# [DESCRIPTION OF THE TASK]
Using only the entries below, copy exactly the lines that begin at the one with "FDC 2001 Games" and end at the one with "9ct Yellow Gold", both included. Drop the pictures.

# [MATERIAL FOR THE TASK]

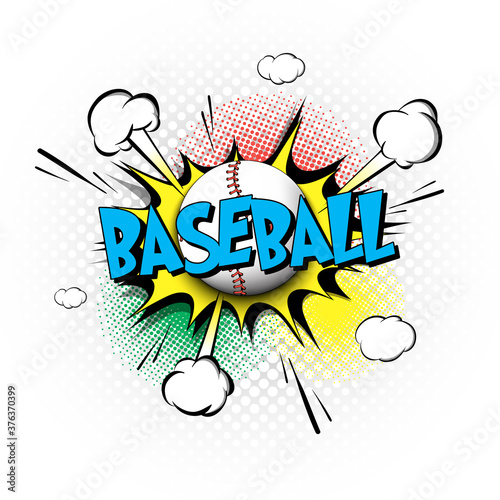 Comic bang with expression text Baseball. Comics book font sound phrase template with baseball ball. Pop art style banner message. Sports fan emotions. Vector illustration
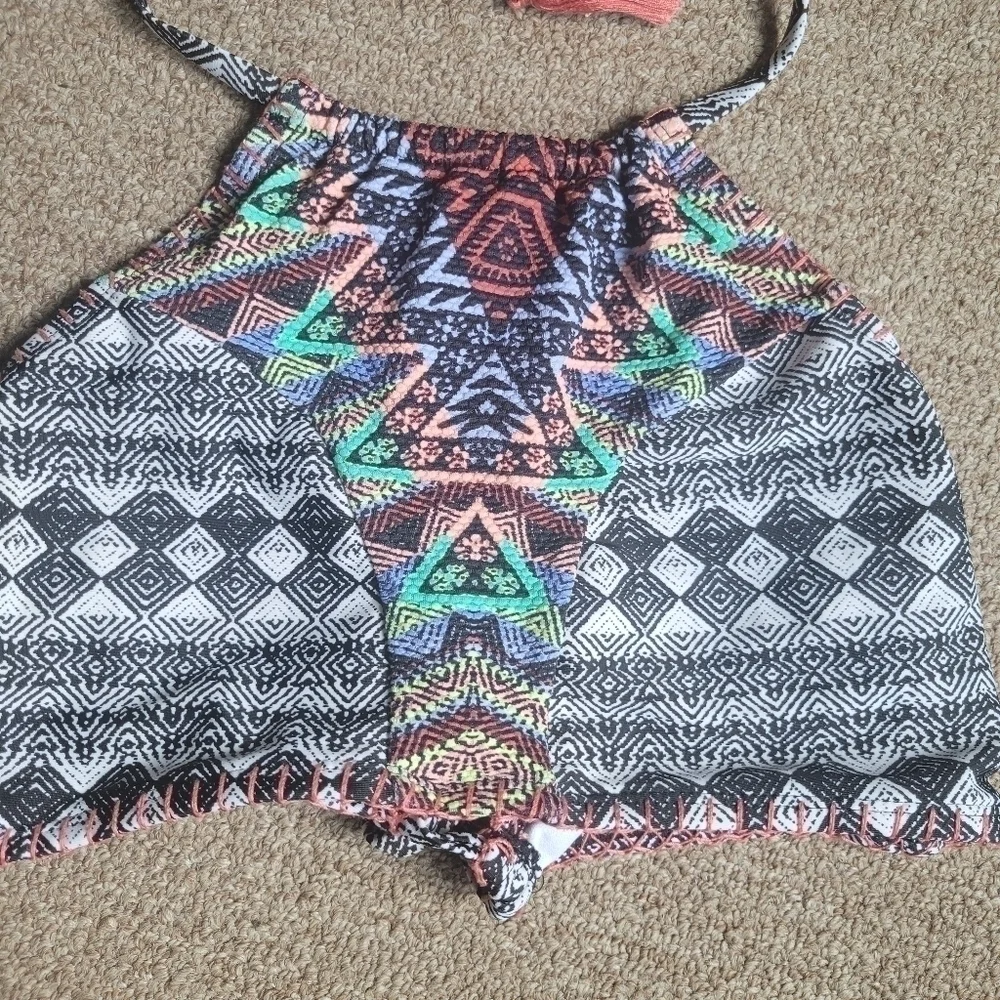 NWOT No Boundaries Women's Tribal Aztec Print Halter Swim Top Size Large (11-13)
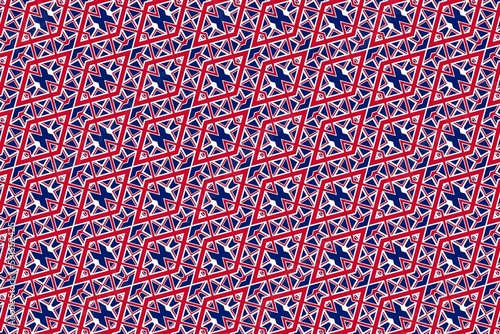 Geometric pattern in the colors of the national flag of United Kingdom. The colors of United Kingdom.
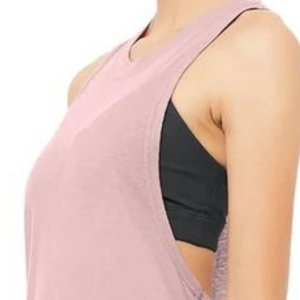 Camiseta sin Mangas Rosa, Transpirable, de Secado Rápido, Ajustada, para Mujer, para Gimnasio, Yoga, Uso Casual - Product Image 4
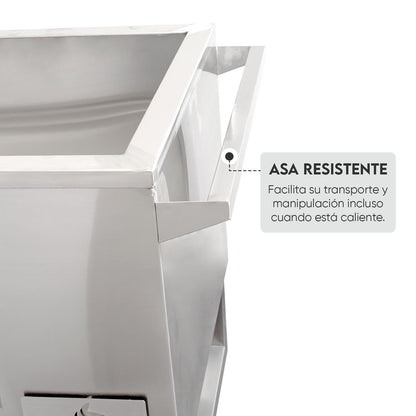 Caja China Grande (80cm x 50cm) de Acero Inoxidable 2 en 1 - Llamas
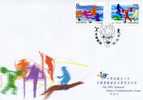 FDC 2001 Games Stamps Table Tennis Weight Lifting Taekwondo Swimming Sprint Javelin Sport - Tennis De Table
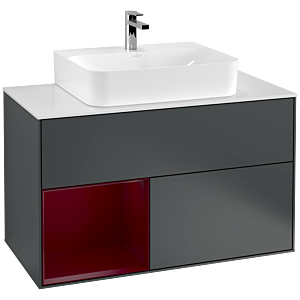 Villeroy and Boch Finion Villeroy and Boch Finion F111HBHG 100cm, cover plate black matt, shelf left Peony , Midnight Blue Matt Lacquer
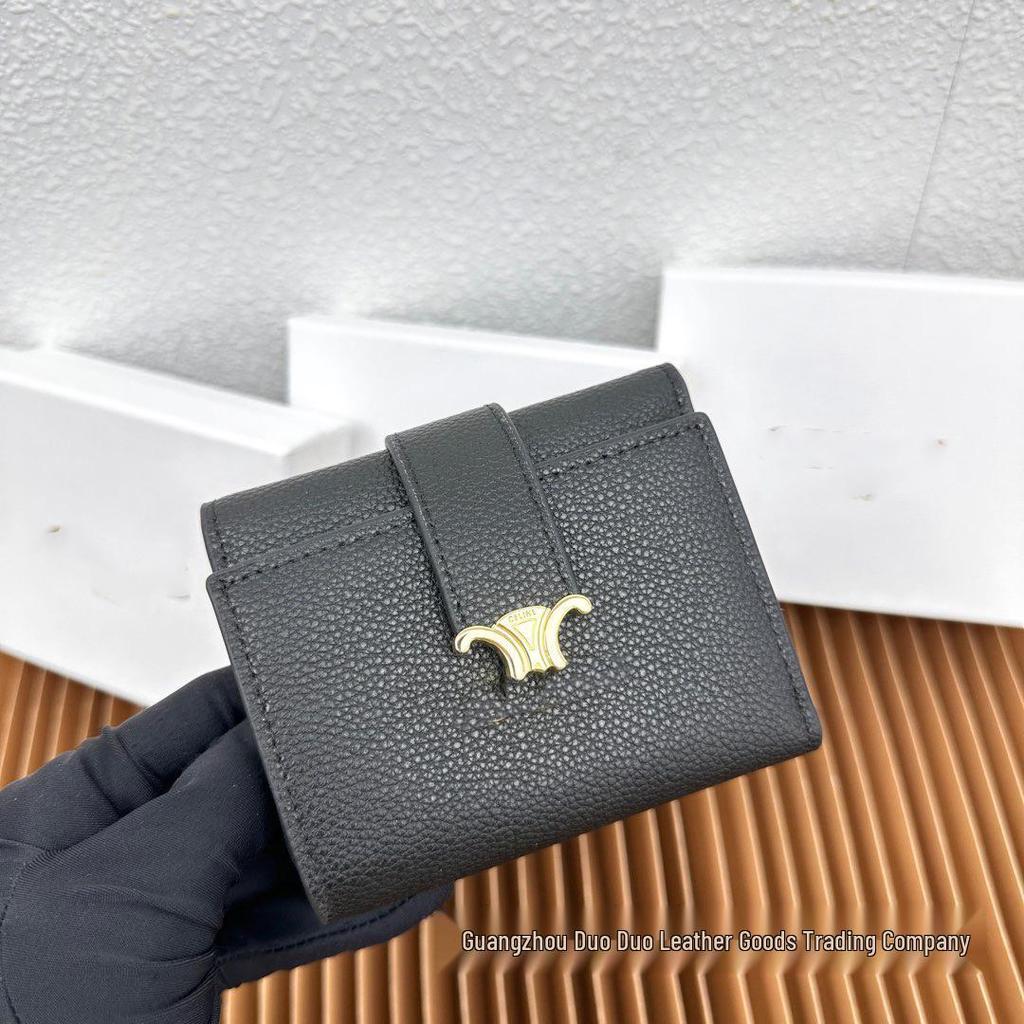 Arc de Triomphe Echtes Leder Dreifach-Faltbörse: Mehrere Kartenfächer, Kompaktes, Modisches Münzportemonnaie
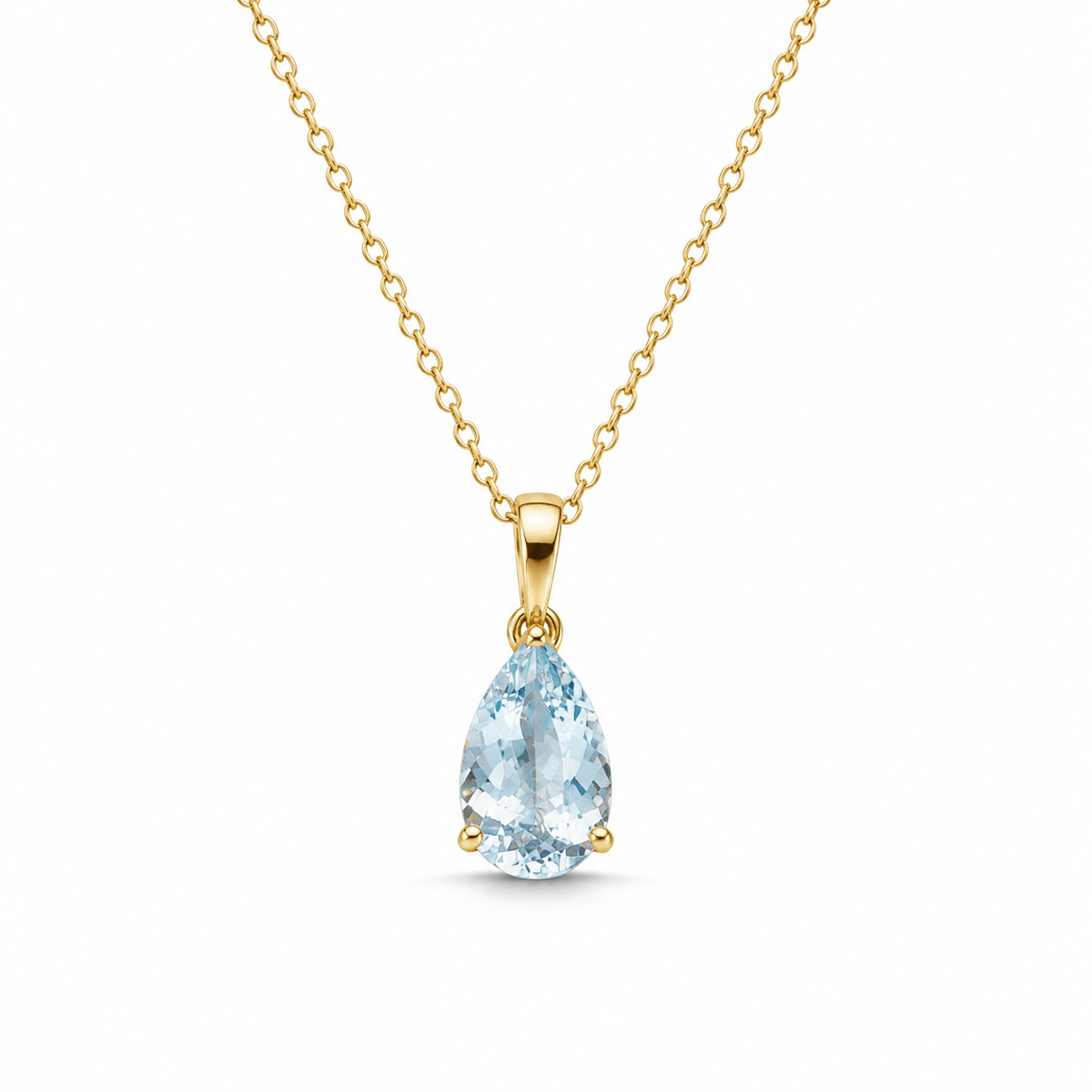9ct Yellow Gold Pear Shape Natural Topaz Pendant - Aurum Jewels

* * *

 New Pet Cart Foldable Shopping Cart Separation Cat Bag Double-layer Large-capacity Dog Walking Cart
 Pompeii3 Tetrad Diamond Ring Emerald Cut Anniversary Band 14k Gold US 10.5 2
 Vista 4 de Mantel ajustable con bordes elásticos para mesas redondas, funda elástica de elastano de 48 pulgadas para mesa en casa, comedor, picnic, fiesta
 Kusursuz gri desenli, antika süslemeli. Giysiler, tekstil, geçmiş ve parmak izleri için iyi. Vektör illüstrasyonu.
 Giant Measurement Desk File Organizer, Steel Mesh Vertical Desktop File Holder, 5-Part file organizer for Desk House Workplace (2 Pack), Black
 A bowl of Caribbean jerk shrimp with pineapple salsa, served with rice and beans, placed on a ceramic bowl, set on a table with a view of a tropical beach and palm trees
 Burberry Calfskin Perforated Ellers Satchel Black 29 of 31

==

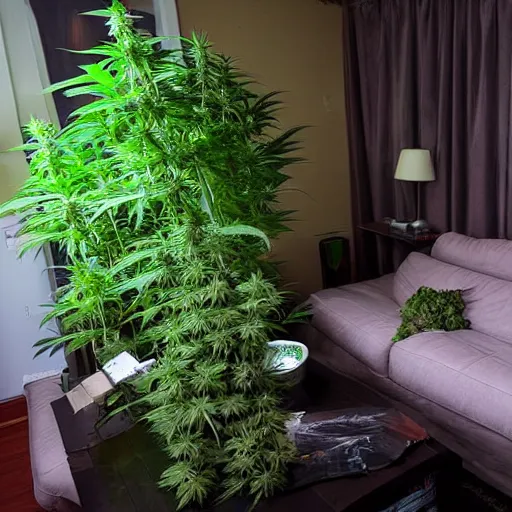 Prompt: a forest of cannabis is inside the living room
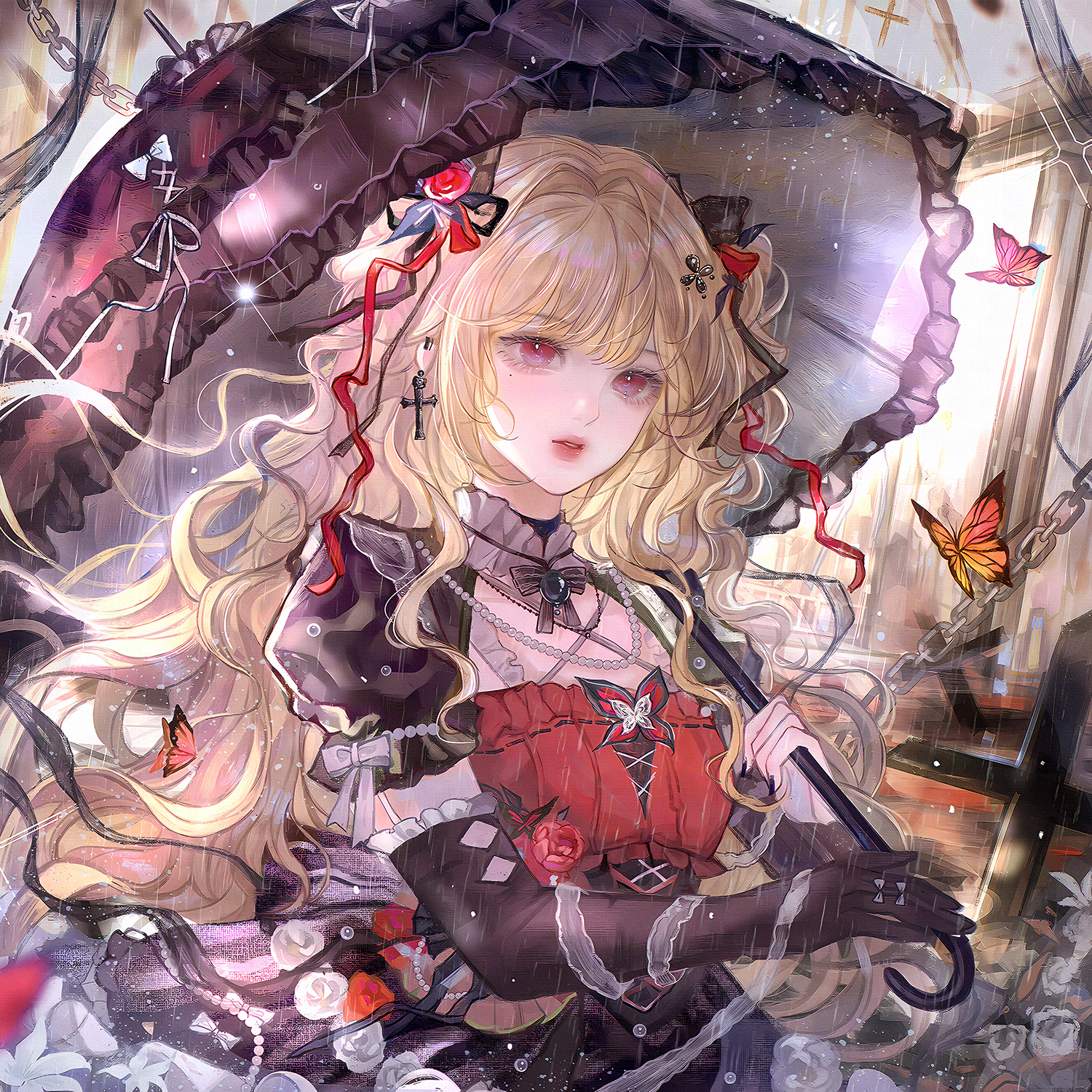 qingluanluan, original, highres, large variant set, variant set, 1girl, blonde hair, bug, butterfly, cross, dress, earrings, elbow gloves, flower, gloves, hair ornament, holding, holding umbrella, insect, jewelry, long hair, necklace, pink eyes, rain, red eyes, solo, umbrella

# [SOLVED EXERCISE]
 FDC 2001 Games Stamps Table Tennis Weight Lifting Taekwondo Swimming Sprint Javelin Sport - Tennis De Table
 Villeroy and Boch Finion Villeroy and Boch Finion F111HBHG 100cm, cover plate black matt, shelf left Peony , Midnight Blue Matt Lacquer
 Arc de Triomphe Echtes Leder Dreifach-Faltbörse: Mehrere Kartenfächer, Kompaktes, Modisches Münzportemonnaie
9ct Yellow Gold Pear Shape Natural Topaz Pendant - Aurum Jewels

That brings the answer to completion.